Based on your description, it is difficult to determine if this is a CPU or vendor platform issue. I would recommend that you reach out to Super Micro for troubleshooting assistance.
Their contact information can be found here.
maybe have a look @ epyc 7551 spontaneously resets after 10mins rendering
seems like some strange things are going on under full load.
Some questions also ..
are you using the built-in ast VGA ?
what is your IPMI firmware version ?
We are using the built-in AST onboard VGA.
Latest bios and firmware version from Supermicro BIOS 1.0b and ipmi 1.27.
We tested a few sets of memory and a few sets of EPYC CPUs. Most likely it is a Supermicro platform issue.
I am not sure how CentOS issues the reboot command to the hardware. It seems like the reboot command doesn't trigger a complete BIOS reboot. Power cycle always works...
Supermicro hasn't experienced this issue yet. Does anyone know what is the chain of events that trigger a warm reboot from the OS?
1 of 1 people found this helpful
I got a lot issues with IPMI 1.27 ( and not yet released 1.28 too )..
With 1.27 my FANs are going mad , some things cannot be set at all from the web interface
also I noticed sometimes shutdown -h now , issued from the OS didn't work.
I would ask Supermicro to give you the old IPMI firmware and test with this one.
Is what I did .. I have now IPMI 1.14 firmware installed.
Be sure after you downgrade to AC power cycle the box ..
If that doesn't help we can try to debug the issue.

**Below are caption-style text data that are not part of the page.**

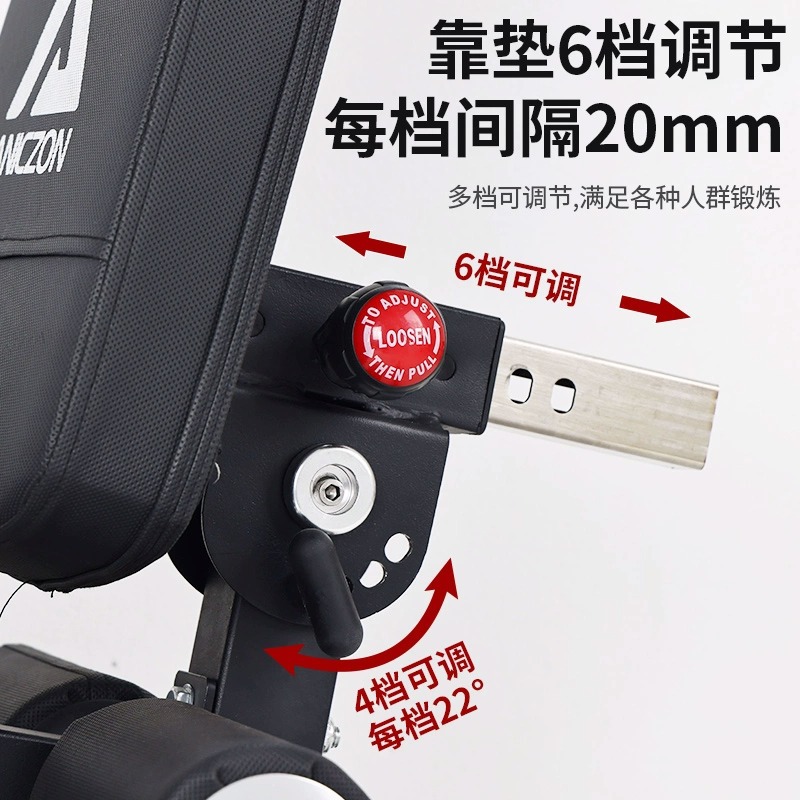 Posición sentada flexión de piernas estiramiento supinación flexión entrenador músculo de piernas entrenador de fuerza central gimnasio instrumento de gimnasio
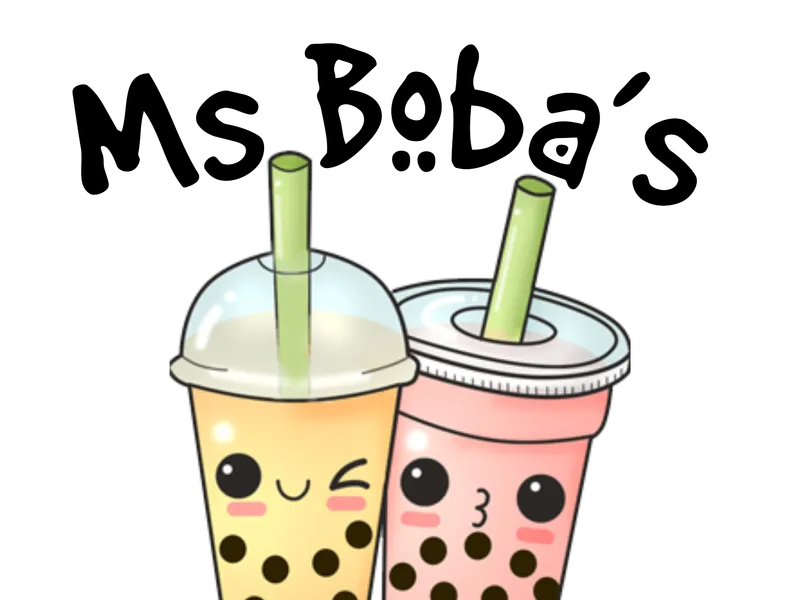 Ms.Boba’s Teas and Coffee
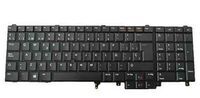 Dell - Keyboard (SPANISH)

Going from 1.14 to 1.26, it seems like the fan speeds are more steady. On the older ipmi, the fan speeds ramp up and down more often. Going from 1.0a BIOS to 1.0b BIOS seems to have fixed the random MCE errors that gets logged in /var/log/message (CentOS 7.4). I will try the 1.14 firmware and see if the issue still occurs.

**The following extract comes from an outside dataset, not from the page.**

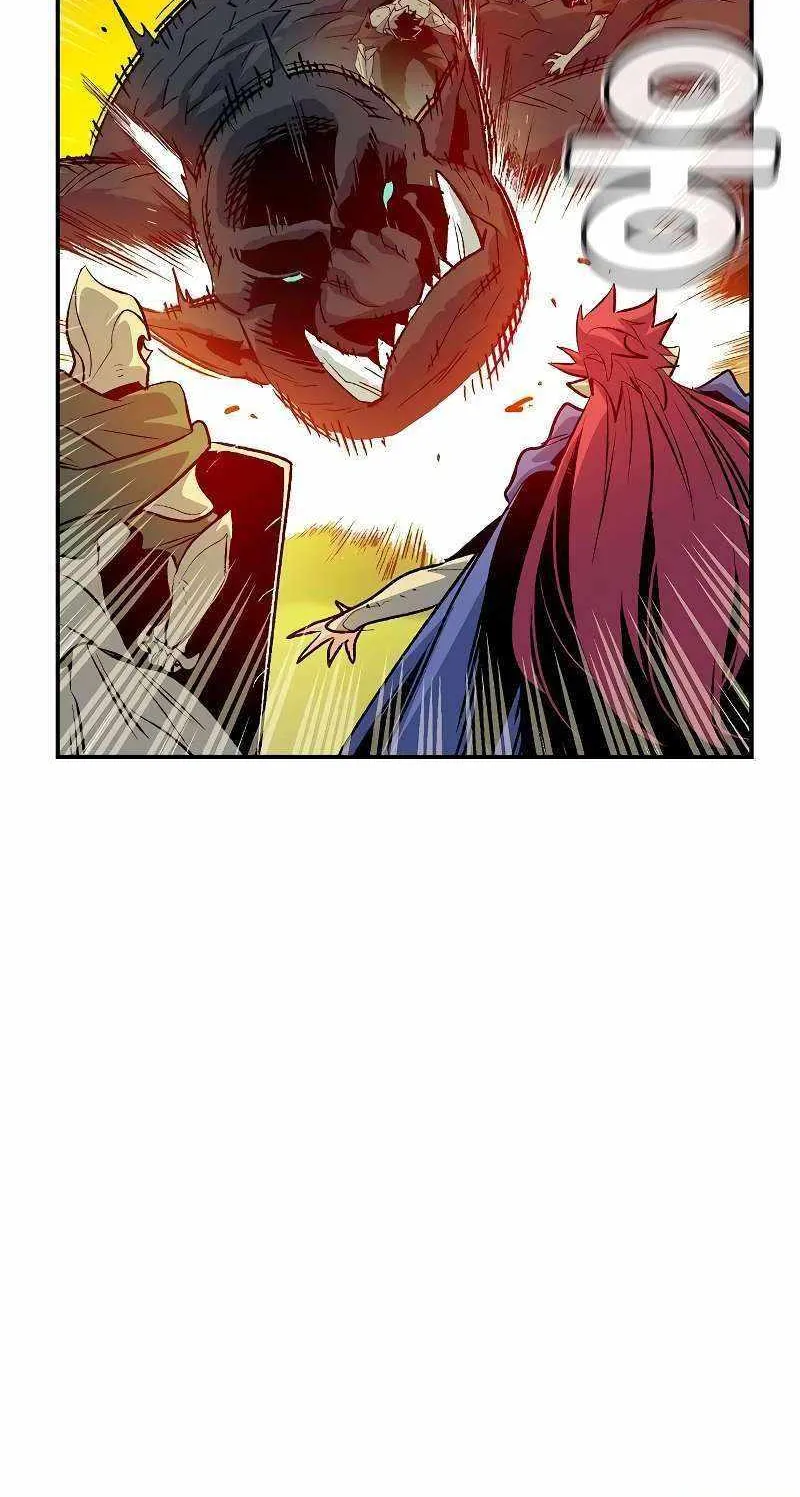 Read The Only Necromancer chapter 147 image 30 on Lezhin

Thanks for your quick replies!
Please make sure you update to the latest released BIOS from Supermicro as well as making sure you are also on the latest firmware for the BMC as well.
The issue is present with the latest 1.0b BIOS version and the latest 1.27 BMC firmware.
I tried to use BMC/ipmi firmware version 1.14, but the issue still persists.
So far, we have tried BIOS 1.0a, 1.0b, BMC/ipmi 1.14,1.26,1.27, 3 H11-Dsi Supermicro motherboards, 3 sets of AMD EPYC processors, 3 sets of 16 pcs DIMMs (8GB, 16GB). The same issue persists.
I am guessing it might be a BIOS issue or an ACPI issue?